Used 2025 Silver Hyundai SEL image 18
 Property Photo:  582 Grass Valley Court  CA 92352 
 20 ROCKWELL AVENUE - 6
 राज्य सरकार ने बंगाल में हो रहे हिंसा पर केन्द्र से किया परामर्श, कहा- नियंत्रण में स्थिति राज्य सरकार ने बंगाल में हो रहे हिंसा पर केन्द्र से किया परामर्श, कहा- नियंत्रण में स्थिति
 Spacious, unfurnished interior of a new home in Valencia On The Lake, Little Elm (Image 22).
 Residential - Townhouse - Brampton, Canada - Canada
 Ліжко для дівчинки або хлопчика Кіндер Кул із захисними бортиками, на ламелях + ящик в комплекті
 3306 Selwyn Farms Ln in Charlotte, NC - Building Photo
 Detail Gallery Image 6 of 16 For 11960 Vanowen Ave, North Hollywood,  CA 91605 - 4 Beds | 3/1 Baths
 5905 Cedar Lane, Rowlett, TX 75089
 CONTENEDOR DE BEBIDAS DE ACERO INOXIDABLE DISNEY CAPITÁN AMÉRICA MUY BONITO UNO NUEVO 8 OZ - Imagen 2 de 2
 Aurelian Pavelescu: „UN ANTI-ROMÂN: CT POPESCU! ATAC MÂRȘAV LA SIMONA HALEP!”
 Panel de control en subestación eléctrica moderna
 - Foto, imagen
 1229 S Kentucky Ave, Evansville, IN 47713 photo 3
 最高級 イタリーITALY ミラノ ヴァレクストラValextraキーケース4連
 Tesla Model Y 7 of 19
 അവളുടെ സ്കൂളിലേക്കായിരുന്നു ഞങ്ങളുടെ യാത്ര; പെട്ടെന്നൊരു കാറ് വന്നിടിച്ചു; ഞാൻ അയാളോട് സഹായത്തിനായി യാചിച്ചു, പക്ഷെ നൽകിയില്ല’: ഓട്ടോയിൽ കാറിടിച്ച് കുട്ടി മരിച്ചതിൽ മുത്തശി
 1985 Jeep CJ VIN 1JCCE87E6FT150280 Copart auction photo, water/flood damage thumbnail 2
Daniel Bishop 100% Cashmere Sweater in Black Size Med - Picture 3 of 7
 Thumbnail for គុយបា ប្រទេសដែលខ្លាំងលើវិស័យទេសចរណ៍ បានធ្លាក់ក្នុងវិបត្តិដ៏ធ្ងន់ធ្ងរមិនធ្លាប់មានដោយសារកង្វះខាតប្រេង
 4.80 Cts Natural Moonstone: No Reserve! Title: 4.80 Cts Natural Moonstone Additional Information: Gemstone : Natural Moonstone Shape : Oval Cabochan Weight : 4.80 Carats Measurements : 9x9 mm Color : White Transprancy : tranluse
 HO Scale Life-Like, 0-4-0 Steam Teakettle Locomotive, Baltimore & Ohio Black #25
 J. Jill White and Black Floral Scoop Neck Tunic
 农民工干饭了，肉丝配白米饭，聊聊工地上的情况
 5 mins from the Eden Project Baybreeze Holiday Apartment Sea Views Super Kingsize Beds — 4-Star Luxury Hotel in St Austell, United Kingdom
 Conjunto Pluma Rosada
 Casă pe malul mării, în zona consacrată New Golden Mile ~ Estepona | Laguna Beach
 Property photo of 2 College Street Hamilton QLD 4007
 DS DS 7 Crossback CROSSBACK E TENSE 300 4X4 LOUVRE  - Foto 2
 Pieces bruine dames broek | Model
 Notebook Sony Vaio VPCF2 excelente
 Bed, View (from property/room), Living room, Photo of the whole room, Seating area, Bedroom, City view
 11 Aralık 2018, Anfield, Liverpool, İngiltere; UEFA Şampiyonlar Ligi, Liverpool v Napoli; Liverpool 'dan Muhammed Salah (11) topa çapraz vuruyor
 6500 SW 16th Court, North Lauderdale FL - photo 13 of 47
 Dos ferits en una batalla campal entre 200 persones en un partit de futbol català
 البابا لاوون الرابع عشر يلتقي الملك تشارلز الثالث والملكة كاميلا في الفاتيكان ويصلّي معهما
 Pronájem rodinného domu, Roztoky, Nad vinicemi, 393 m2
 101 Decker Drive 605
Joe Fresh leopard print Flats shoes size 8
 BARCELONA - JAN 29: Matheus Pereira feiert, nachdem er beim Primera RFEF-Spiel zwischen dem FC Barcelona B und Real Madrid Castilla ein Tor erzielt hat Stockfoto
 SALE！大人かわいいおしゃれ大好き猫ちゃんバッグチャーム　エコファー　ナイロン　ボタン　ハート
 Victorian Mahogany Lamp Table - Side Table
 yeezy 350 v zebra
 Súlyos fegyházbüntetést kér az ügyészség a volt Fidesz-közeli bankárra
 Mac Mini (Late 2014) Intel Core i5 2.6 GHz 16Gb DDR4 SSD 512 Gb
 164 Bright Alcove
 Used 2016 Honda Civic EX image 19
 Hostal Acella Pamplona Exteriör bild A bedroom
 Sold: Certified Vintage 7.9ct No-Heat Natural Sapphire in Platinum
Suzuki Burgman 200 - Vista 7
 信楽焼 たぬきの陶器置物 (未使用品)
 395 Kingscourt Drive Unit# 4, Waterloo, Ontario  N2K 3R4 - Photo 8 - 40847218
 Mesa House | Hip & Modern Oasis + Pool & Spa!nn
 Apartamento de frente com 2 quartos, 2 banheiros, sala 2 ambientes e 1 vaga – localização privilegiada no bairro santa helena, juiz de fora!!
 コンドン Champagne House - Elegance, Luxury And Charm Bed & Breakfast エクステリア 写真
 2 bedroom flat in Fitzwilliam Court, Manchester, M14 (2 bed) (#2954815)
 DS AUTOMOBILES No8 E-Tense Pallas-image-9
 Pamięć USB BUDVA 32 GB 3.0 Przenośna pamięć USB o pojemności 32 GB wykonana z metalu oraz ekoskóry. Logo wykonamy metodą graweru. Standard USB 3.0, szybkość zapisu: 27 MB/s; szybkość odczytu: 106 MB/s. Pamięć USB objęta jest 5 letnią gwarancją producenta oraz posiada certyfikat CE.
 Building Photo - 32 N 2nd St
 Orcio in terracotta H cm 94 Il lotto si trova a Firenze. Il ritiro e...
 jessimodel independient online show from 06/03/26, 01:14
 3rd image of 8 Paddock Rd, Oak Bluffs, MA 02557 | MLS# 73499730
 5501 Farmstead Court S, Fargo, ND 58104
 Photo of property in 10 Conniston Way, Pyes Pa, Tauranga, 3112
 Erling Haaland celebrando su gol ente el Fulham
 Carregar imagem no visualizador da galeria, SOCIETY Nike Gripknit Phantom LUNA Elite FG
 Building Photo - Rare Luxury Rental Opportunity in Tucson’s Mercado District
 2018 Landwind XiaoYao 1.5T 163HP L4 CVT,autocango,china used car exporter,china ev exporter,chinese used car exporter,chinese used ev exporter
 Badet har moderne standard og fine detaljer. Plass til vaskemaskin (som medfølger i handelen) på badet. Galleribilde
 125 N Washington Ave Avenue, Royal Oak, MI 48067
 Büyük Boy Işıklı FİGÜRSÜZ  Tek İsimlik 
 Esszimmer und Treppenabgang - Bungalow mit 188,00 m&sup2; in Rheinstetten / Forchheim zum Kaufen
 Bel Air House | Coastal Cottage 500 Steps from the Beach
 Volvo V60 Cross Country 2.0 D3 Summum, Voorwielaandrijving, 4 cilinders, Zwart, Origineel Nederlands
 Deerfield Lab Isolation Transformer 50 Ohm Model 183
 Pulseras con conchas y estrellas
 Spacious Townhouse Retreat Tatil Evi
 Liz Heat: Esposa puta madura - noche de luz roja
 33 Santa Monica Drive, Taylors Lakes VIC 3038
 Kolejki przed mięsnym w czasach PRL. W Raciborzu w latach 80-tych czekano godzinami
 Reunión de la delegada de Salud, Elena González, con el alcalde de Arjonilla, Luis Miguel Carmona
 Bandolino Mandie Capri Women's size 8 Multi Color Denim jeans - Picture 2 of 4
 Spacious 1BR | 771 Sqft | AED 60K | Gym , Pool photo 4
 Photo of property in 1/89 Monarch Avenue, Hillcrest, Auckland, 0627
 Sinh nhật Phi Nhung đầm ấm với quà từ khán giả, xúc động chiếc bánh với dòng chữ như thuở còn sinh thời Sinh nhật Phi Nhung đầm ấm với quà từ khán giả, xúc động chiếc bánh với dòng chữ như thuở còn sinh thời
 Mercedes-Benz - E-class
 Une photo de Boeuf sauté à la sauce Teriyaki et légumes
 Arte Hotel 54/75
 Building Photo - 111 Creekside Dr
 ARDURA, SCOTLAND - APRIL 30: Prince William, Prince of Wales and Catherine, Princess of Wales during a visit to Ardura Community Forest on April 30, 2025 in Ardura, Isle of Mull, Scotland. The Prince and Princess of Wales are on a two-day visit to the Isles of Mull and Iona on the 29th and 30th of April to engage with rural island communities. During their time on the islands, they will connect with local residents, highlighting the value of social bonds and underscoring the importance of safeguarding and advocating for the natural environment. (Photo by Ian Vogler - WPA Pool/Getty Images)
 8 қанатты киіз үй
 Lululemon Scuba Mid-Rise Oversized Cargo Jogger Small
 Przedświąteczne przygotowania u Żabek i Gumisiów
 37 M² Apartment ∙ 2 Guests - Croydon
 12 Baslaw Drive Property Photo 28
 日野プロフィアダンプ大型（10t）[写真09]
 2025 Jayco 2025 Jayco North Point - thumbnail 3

Task goal ->
Using the entries above, give back exactly the line containing "DS DS 7 Crossback", the line containing "Victorian Mahogany Lamp Table - Side Table", and every line between them, and nothing else.

Answer box ->
 DS DS 7 Crossback CROSSBACK E TENSE 300 4X4 LOUVRE  - Foto 2
 Pieces bruine dames broek | Model
 Notebook Sony Vaio VPCF2 excelente
 Bed, View (from property/room), Living room, Photo of the whole room, Seating area, Bedroom, City view
 11 Aralık 2018, Anfield, Liverpool, İngiltere; UEFA Şampiyonlar Ligi, Liverpool v Napoli; Liverpool 'dan Muhammed Salah (11) topa çapraz vuruyor
 6500 SW 16th Court, North Lauderdale FL - photo 13 of 47
 Dos ferits en una batalla campal entre 200 persones en un partit de futbol català
 البابا لاوون الرابع عشر يلتقي الملك تشارلز الثالث والملكة كاميلا في الفاتيكان ويصلّي معهما
 Pronájem rodinného domu, Roztoky, Nad vinicemi, 393 m2
 101 Decker Drive 605
Joe Fresh leopard print Flats shoes size 8
 BARCELONA - JAN 29: Matheus Pereira feiert, nachdem er beim Primera RFEF-Spiel zwischen dem FC Barcelona B und Real Madrid Castilla ein Tor erzielt hat Stockfoto
 SALE！大人かわいいおしゃれ大好き猫ちゃんバッグチャーム　エコファー　ナイロン　ボタン　ハート
 Victorian Mahogany Lamp Table - Side Table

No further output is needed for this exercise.